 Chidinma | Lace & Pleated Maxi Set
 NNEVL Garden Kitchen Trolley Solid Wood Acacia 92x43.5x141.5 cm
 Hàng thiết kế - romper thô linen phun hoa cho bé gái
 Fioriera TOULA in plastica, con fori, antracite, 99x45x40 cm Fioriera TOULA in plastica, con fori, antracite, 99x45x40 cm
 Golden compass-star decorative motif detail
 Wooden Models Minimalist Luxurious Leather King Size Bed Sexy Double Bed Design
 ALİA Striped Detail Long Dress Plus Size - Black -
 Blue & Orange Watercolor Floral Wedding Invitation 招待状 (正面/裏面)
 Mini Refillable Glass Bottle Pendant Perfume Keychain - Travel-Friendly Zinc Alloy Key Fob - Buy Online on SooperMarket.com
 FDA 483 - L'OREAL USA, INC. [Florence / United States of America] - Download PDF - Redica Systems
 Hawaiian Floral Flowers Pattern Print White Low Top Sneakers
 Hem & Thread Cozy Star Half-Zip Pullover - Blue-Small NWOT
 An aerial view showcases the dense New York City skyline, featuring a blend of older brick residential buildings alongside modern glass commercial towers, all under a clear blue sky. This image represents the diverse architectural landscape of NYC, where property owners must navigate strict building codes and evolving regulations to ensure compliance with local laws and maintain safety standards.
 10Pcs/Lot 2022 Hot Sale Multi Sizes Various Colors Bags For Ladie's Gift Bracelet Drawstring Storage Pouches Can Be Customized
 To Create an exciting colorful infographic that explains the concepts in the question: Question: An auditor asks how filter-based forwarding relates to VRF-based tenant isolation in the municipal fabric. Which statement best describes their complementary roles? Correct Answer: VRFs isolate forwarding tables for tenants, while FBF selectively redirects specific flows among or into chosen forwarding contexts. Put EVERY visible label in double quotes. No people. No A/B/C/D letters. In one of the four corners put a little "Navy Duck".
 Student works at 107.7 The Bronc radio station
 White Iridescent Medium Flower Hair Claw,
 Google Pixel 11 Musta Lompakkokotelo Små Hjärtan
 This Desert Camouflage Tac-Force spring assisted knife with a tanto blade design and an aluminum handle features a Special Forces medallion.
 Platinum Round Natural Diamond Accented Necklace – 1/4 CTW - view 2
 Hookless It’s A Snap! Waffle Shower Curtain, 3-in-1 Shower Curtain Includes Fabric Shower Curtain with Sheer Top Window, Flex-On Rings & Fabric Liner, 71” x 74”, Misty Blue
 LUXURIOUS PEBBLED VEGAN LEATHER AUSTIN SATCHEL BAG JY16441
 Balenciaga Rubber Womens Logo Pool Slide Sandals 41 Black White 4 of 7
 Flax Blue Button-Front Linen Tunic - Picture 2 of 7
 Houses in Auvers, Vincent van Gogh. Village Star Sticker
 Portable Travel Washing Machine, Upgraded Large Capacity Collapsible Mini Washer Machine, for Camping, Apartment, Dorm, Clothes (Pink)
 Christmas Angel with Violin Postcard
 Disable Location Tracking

● Exercise: Write out again, exactly as they appear above, the lines from the one containing "Portable Travel Washing" to the final line, and only those.

● Reply to the task:
 Portable Travel Washing Machine, Upgraded Large Capacity Collapsible Mini Washer Machine, for Camping, Apartment, Dorm, Clothes (Pink)
 Christmas Angel with Violin Postcard
 Disable Location Tracking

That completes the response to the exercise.